Business conditions in Dubai’s non-oil private sector economy maintained a strong pace of improvement in the first month after the Expo 2020 ended, led by a sharp increase in output levels, a survey showed on Friday.  

The seasonally adjusted S&P Global Dubai Purchasing Managers' Index  (PMI) registered at 54.7 in April, down from 55.5 in March, its first drop since January. The indicator stayed above the 50 no-change mark for the 17th consecutive month,

"The Dubai PMI dropped only slightly from March's 33-month high in April, as businesses indicated that the relaxing of COVID-19 measures continued to have a positive impact on demand. The upturn was also encouraging considering that the Expo 2020 has now finished and that overall new business growth, including in the travel & tourism industry, remained strong,” said David Owen, economist at S&P Global.

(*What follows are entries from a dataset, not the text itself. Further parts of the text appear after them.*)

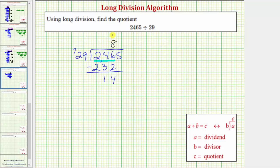The next step is to bring the next digit down. So we bring the 5 down, and now we need to consider 145. We need to determine how many 29s there are in 145.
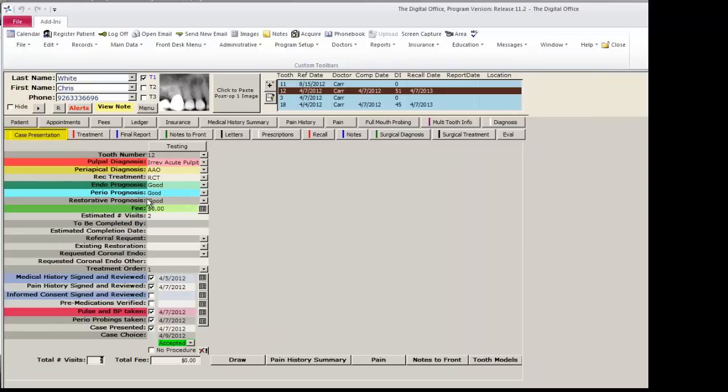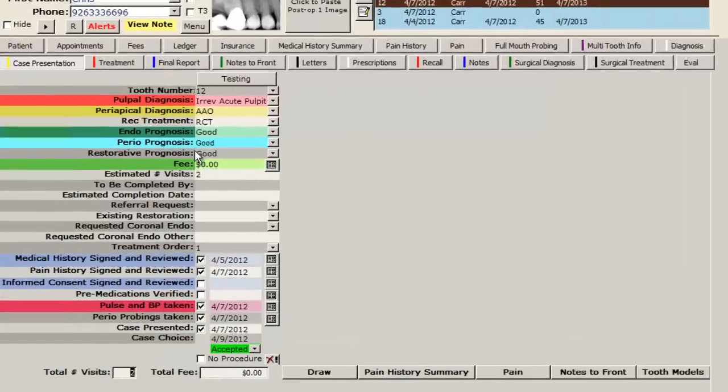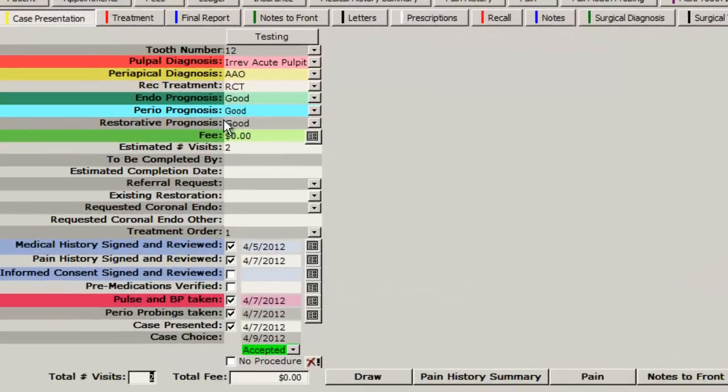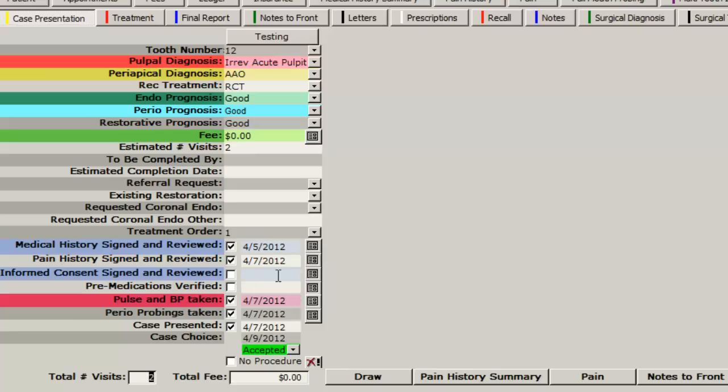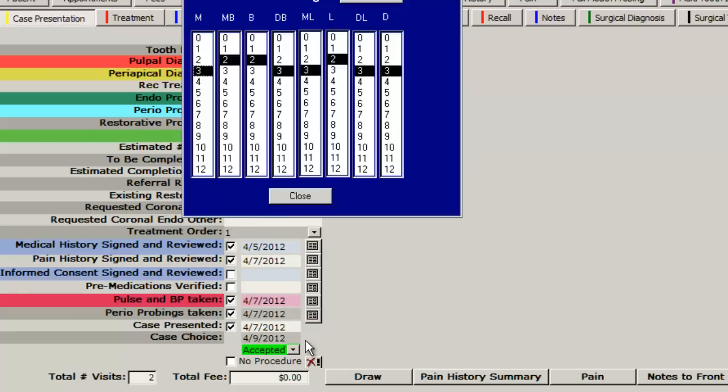This is a fabulous page to act as a safety checklist. This avoids anything that may have been overlooked and not completed. For example, if the informed consent had not been signed and reviewed, that can be completed at this time. If the pulse or perio probings have not been recorded, you can use the button here to enter that information.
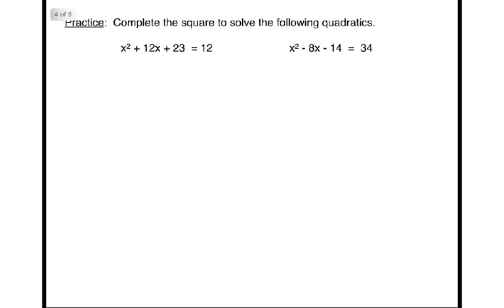Here is some practice for you. Complete the square to solve the following quadratics. The answer is on the next screen.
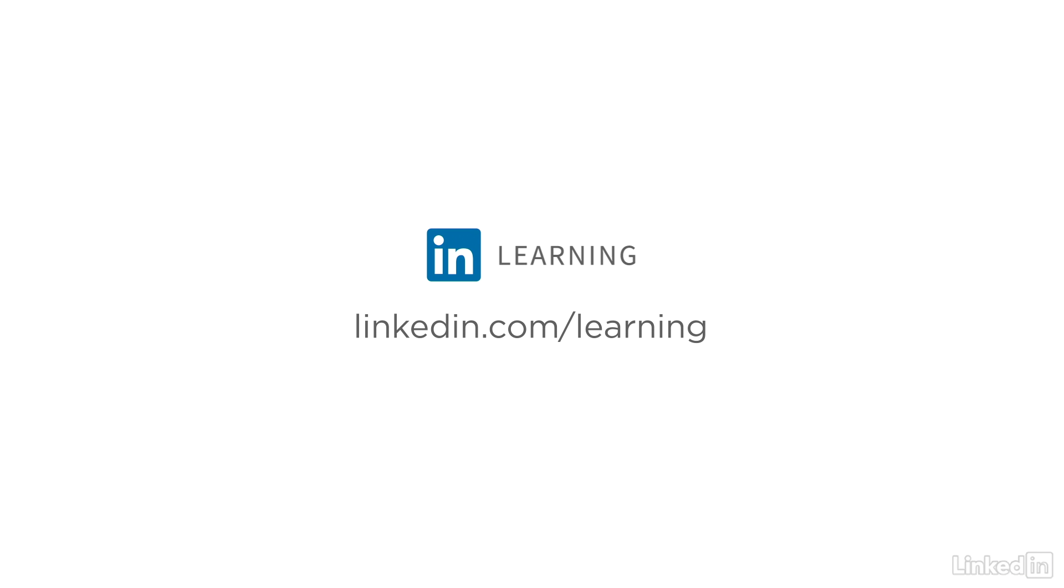To learn more about Word, or to browse our entire library of courses, visit linkedin.com/learning.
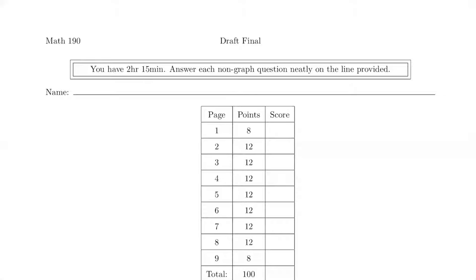Hello and welcome everyone. Thanks for joining me today. In this video I will be working out Math 190, the sample final for you. Feel free to pause the video or work out these questions on your own so that way you can check it with me at the end. So let's dive right into it.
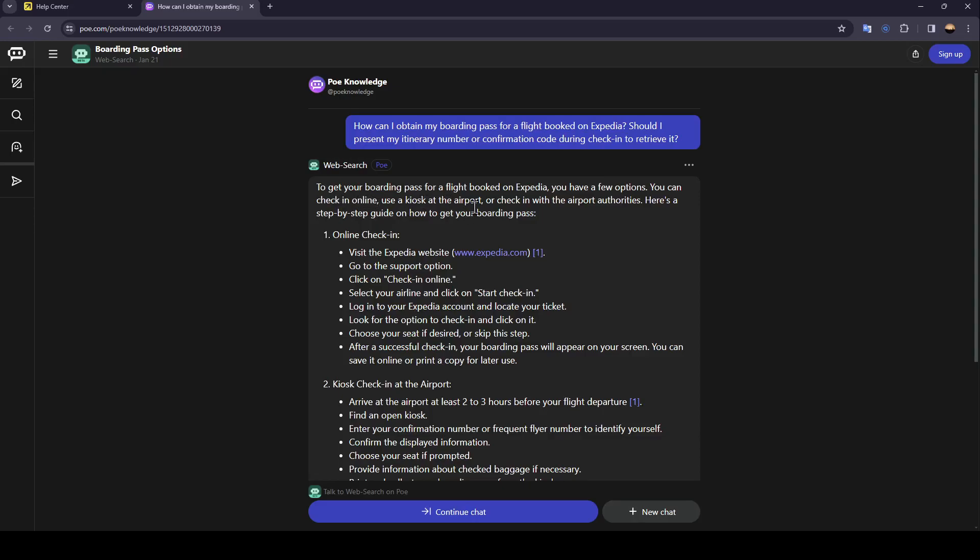You can check in online, use a kiosk at the airport, or check in with the airport authorities. Here is a step-by-step guide on how you can get your boarding pass.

The Output Index remained strong in April, and despite a slight softening from the previous month, the rate of growth was the second-quickest seen since July 2019. This was due to a sharp rise in customer sales as the economy recovered further from COVID-19 measures, said the survey panelists.

New orders were added at a marked pace during April, only marginally slower than in March. However, as firms saw little need to increase their staffing capacity. In fact, employment numbers dropped for the first time in five months, the report said.

Companies also pointed to an increase in their cost burdens during April, driven by higher raw material and fuel prices in global markets.

"Despite increasing reports of higher material and fuel prices since the outbreak of war in Ukraine, the overall rise in input costs was again only modest in April. This allowed businesses to offer additional price promotions, as output charges were reduced for the tenth month running," said Owen.

Panelists’ outlook for the future was positive led by expectations of continued increases in sales. However, despite the level of optimism for future activity being the strongest recorded since last November, it remained much weaker than the historical trend.